Verkehr in Berlin: BVG darf Autos abschleppen: Was das neue Mobilitätsgesetz bedeutet
Das Berliner Abgeordnetenhaus hat Deutschlands erstes Mobilitätsgesetz beschlossen. Es soll die Stadt fahrradgerechter machen. Ein Überlick über das Gesetz.
Es begann vor drei Jahren mit ein paar Radfahrern, die für mehr Berücksichtigung im Straßenverkehr kämpften. Daraus wurde der Volksentscheid Fahrrad, der innerhalb kurzer Zeit mehr als 100.000 Unterschriften sammelte. Dann kam ein neuer Senat, Rot-Rot-Grün übernahm den größten Teil der Fahrradforderungen und nannte es „Mobilitätsgesetz“. Am Donnerstag wurde es sim Berliner Abgeordnetenhaus beschlossen.
Es ist Deutschlands erstes Radverkehrs- und Mobilitätsgesetz, aber wohl nicht das letzte. Durch den Berliner Erfolg sind mittlerweile Radentscheide in zehn Großstädten und zwei Bundesländern angestoßen. „Wir haben in Berlin Verkehrsgeschichte geschrieben“, lobte sich „Changing Cities“, das ist der Trägerverein des Radentscheids, am Mittwoch selber. Wir fassen zusammen, was das Gesetz für unterschiedliche Verkehrsteilnehmer bedeutet.
Fahrradfahrer
Für sie gibt es verbindliche Vorgaben, was gebaut werden muss. Das Land Berlin verpflichtet sich mit diesem Gesetz zur Gestaltung einer fahrradgerechteren Stadt.
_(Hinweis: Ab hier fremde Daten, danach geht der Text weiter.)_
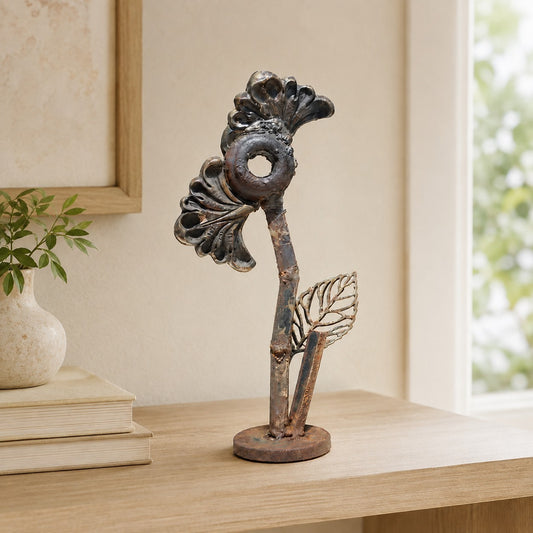 Metal Morph Sculpture Little Bloom handcrafted steel flower sculpture with salvaged fan-shaped petals on a desk.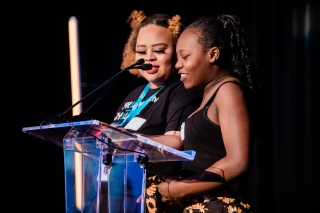 Two people at the podium of a Friends of the Children friendsraiser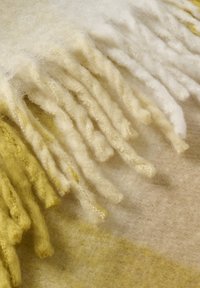 Plaid di lana con bordi frangiati, con una sfumatura che va dal bianco a toni di giallo pallido, che mostra una superficie testurizzata e morbida.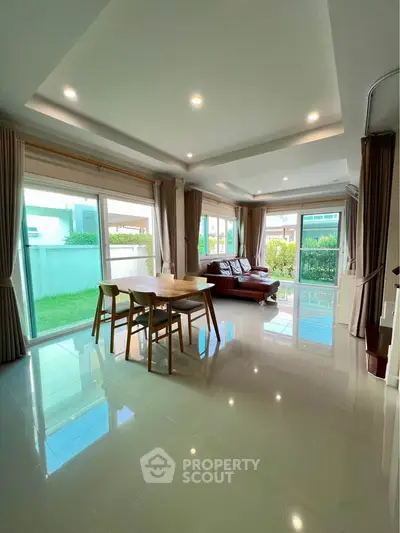 Spacious modern living room with large windows and elegant dining area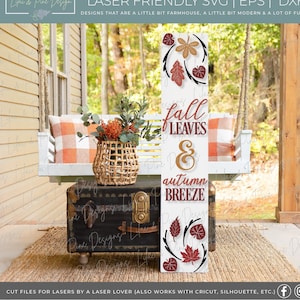 May include: A white wooden sign with the text "fall leaves & autumn breeze" in brown and gold lettering. The sign is decorated with red, orange, and brown leaves.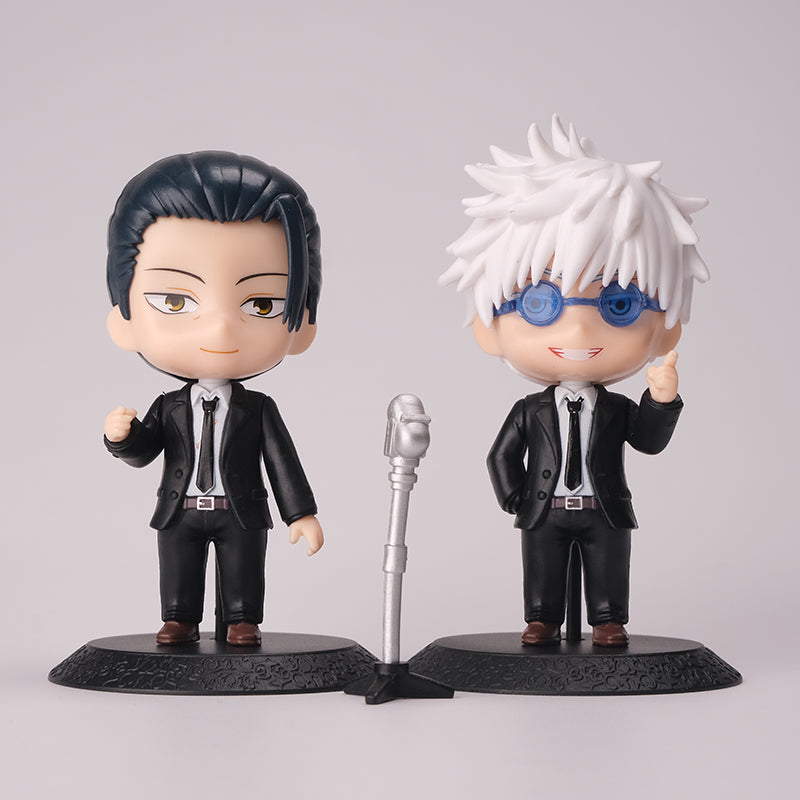 The Jujutsu Kaisen Gojo Satoru &amp; Suguru Geto 10-Piece Action Figure Set features chibi-style figures in black suits with unique hairstyles. A silver microphone adds charm to this exquisite anime collectible duo, perfect for fans of the series.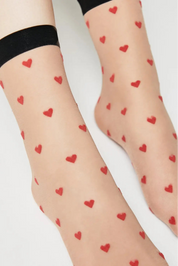 Sheer socks with red heart patterns worn by a person on a light background #color_natural-nude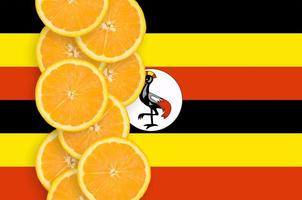 Uganda flag and citrus fruit slices vertical row photo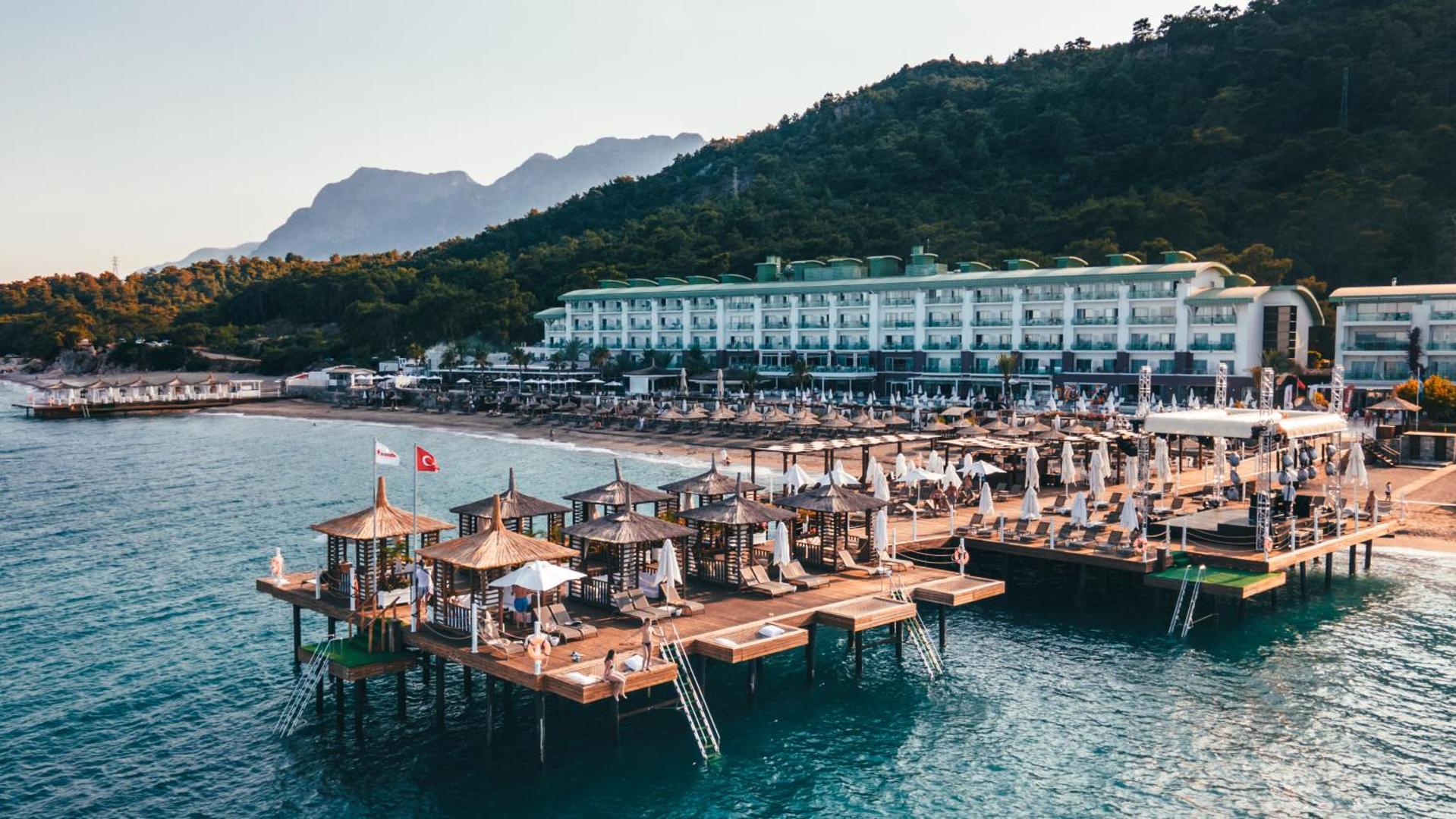 Corendon Playa Kemer viesnīcas ēka un pludmales zona ar koka piestātni, kurā izvietotas atpūtas lapenes un saulessargi pie jūras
Die Vision Zero – also das Ziel von null Verkehrstoten – ist nun fester Bestandteil des Gesetzes und maßgeblich für die weitere Verkehrsplanung in Berlin. In den vergangenen Jahren schwankte die Zahl der Verkehrstoten zwischen 35 und 50, fast alle waren zu Fuß oder mit dem Fahrrad unterwegs.
Dies ist für Radfahrer im Detail geplant: An Hauptstraßen sollen „geschützte“ Radwege gebaut werden, also baulich mit Pollern oder Kanten vom Straßenverkehr getrennt. In den vergangenen Jahren wurden Radspuren nur mit weißer Farbe auf Fahrbahnen markiert – mit der Folge, dass sie an vielen Stellen von Autofahrern als Parkplatz missbraucht wurden und Radfahrer in den Fließverkehr ausweichen mussten.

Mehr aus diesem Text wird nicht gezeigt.